The European Medicines Agency (EMA) has issued advice relating to a recall of some batches of the diabetes medicine NovoMix 30 FlexPen and Penfill. The affected batches (below) are being recalled because of a manufacturing problem during the filling of the cartridges, which resulted in a small percentage of batches of NovoMix 30 containing too high or too low amounts of insulin units per millilitre, which could lead to hypoglycaemia or hyperglycaemia.

The European Medicines Agency therefore recommends that patients using NovoMix 30 FlexPen/Penfill from the affected batches be switched to products from unaffected batches or, if such batches are not available, to alternative treatment.

The numbers of the affected NovoMix 30 FlexPen batches are:

CP50912, CP50750, CP50639, CP51706, CP50940, CP50928, CP50903, CP50914, CP50640, CP51095, CP50904, CP50650, CP51098, CP50915, CP50412, CFG0003, CFG0002, CFG0001, CP50902, CP50749, CP50393, CP50950, CP51025, CP50751, CP50375, CP50420, CP51097, CP50641, CP51096 and CP50392.
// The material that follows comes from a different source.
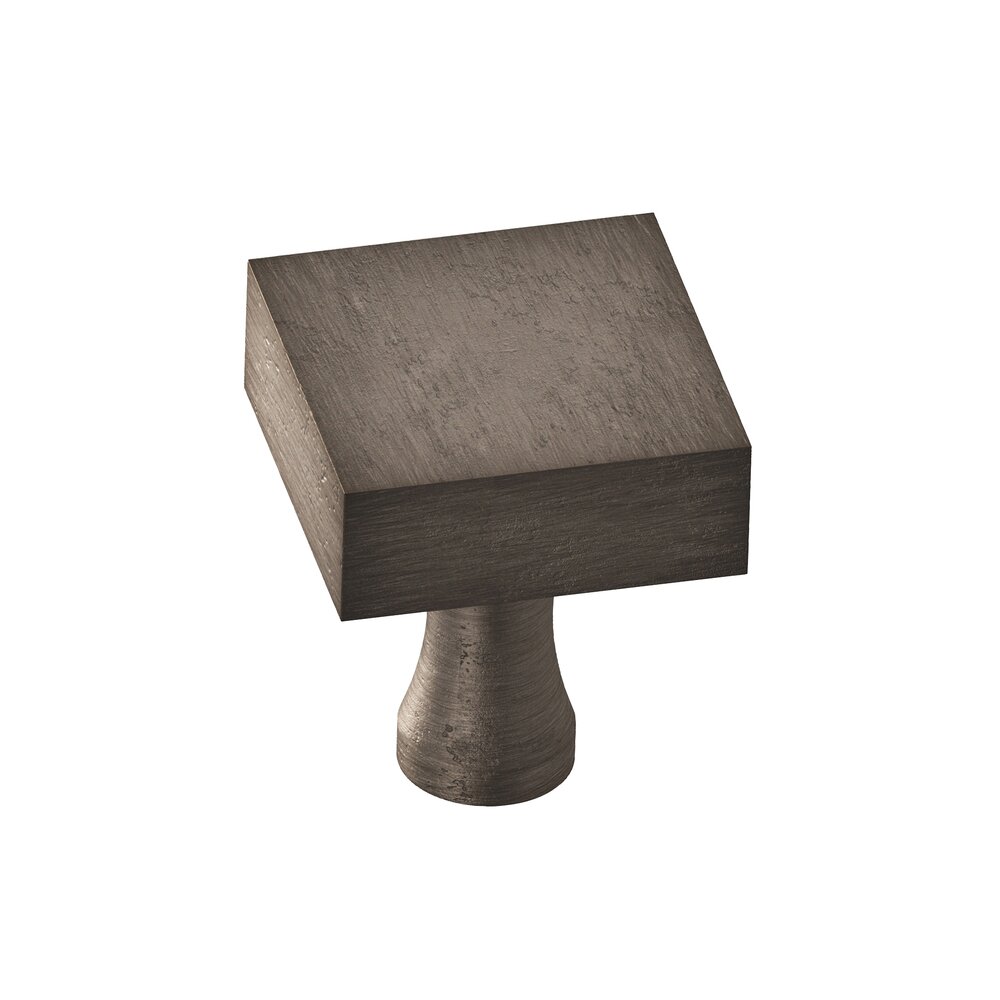 Colonial Bronze 1" Square Knob In Distressed Pewter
The numbers of the affected NovoMix 30 Penfill batches are: CS6D422, CS6C628 and CS6C411.

The batch numbers are printed on the pen for NovoMix 30 FlexPen and on the cartridge for NovoMix 30 Penfill.


EMA advises against obstetric SABA use

The European Medicines Agency has published new recommendations that short-acting beta agonists (SABAs) should no longer be used in oral or suppository forms in obstetric indications, such as for suppressing premature labour or excessive labour contractions. However, injectable forms of these medicines can still be given for short-term obstetric use under specific conditions.

These recommendations follow a review by the EMA’s Pharmacovigilance Risk Assessment Committee (PRAC), which looked into the known risk of cardiovascular side effects with high doses of short-acting beta-agonists when used in this indication.

The PRAC concluded that there was a risk of serious cardiovascular side effects to both the mother and unborn baby when high-dose short-acting beta-agonists are used, with the data suggesting these mostly occur with prolonged use. The PRAC add that very limited data exists on the effectiveness of the oral and suppository forms of these medicines.


Benefits of CHCs ‘continue to outweigh risks’

Following a review of the risk of venous thromboembolism (VTE) associated with combined hormonal contraceptives (CHCs), The European Medicines Agency’s Pharmacovigilance Risk Assessment Committee (PRAC) has concluded that the benefits of CHCs at preventing unwanted pregnancies continue to outweigh their risks.

The recommendations state that there is no reason for women who have been using CHCs without any problem to stop taking the medicines. However, the PRAC stresses the importance of women being made aware of the risk of VTE and its signs and symptoms, and of doctors takeing into consideration a woman’s individual risk factors when prescribing a contraceptive.